Look through the records below for the line with "Locman Italy Montecristo" and the line with "Femme tenant une", then return those lines and all lines between, exactly.

STUDY MATERIAL START

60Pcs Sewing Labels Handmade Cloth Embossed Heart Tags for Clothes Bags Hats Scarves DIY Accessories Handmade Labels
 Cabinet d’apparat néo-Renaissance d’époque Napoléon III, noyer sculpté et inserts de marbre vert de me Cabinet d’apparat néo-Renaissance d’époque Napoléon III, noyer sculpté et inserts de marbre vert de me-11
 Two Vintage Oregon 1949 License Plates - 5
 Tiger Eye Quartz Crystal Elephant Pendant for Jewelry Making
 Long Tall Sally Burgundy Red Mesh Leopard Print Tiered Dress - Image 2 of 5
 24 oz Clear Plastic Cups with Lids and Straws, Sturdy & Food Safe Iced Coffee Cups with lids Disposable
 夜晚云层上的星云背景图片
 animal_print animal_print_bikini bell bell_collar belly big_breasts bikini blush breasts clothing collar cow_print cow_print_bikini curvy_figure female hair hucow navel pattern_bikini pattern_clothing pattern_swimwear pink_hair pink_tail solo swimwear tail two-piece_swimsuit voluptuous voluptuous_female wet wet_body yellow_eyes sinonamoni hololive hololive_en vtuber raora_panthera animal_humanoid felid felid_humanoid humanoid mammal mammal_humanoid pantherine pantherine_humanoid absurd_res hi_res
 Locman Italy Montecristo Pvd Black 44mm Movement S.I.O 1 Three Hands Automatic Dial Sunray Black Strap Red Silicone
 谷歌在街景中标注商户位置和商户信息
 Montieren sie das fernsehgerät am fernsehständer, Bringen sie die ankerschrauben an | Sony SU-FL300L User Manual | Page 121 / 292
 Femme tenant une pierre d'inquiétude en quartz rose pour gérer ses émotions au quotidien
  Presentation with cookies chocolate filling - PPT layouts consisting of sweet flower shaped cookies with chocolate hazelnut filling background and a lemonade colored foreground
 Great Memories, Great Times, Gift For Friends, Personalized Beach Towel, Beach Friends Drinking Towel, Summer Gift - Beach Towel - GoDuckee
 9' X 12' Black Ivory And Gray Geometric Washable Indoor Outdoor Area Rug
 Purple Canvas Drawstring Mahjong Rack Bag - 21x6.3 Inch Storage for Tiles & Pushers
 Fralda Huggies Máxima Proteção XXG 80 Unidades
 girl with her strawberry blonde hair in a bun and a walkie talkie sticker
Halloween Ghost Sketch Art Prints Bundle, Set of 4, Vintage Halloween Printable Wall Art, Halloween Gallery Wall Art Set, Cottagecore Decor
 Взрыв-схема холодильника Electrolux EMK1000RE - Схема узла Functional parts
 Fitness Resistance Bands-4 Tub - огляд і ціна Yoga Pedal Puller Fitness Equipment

STUDY MATERIAL END

• COMPLETED TASK
 Locman Italy Montecristo Pvd Black 44mm Movement S.I.O 1 Three Hands Automatic Dial Sunray Black Strap Red Silicone
 谷歌在街景中标注商户位置和商户信息
 Montieren sie das fernsehgerät am fernsehständer, Bringen sie die ankerschrauben an | Sony SU-FL300L User Manual | Page 121 / 292
 Femme tenant une pierre d'inquiétude en quartz rose pour gérer ses émotions au quotidien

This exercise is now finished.